§ The problem
Lines of the listing below that contain the string "Image" are to be returned.

§ Task data

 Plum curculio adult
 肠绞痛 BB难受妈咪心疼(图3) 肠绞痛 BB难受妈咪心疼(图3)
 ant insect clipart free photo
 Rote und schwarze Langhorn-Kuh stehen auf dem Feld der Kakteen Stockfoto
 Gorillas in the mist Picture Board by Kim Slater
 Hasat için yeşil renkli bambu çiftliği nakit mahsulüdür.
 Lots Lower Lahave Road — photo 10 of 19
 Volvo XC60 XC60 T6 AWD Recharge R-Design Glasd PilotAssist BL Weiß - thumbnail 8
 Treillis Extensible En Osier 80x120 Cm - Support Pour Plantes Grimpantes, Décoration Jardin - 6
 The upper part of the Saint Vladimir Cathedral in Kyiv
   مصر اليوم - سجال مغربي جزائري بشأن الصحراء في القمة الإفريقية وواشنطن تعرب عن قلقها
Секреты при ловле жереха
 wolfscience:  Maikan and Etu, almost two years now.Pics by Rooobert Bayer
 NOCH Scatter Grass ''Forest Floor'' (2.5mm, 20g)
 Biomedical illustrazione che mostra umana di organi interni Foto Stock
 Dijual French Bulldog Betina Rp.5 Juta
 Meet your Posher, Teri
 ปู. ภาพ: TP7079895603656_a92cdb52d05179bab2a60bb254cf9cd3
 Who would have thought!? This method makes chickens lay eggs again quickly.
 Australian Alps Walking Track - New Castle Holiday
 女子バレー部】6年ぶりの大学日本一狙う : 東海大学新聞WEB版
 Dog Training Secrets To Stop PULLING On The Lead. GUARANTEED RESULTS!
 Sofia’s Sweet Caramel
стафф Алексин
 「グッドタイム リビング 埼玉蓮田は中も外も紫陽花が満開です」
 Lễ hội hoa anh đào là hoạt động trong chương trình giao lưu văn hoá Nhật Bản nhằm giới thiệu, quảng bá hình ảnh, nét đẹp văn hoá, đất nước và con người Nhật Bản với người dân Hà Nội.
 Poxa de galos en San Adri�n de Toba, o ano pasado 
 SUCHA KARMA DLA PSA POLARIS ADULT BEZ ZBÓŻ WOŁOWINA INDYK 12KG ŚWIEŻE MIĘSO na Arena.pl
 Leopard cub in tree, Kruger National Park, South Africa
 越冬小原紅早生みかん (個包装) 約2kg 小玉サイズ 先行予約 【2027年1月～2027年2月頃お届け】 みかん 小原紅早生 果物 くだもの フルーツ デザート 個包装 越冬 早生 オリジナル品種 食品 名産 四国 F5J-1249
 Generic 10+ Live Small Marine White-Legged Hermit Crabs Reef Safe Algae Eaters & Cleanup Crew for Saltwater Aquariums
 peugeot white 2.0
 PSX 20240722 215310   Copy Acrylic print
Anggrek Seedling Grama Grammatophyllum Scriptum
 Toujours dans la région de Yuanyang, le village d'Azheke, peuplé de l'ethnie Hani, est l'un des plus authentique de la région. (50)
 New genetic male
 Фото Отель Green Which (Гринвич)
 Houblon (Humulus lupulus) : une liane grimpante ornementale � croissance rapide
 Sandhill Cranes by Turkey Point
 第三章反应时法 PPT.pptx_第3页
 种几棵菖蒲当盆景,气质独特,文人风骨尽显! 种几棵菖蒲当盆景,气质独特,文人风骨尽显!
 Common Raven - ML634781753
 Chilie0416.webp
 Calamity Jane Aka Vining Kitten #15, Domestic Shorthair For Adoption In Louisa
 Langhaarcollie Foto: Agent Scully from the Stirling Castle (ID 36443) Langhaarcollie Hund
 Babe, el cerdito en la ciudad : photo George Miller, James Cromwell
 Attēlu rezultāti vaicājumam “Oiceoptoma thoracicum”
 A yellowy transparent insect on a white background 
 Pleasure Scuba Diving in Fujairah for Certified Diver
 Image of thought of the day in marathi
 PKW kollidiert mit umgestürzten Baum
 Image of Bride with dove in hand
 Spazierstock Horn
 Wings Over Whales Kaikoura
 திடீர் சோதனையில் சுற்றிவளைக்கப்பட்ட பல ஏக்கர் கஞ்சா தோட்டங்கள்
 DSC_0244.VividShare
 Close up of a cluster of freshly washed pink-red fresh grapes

§ Written solution
 Image of thought of the day in marathi
 Image of Bride with dove in hand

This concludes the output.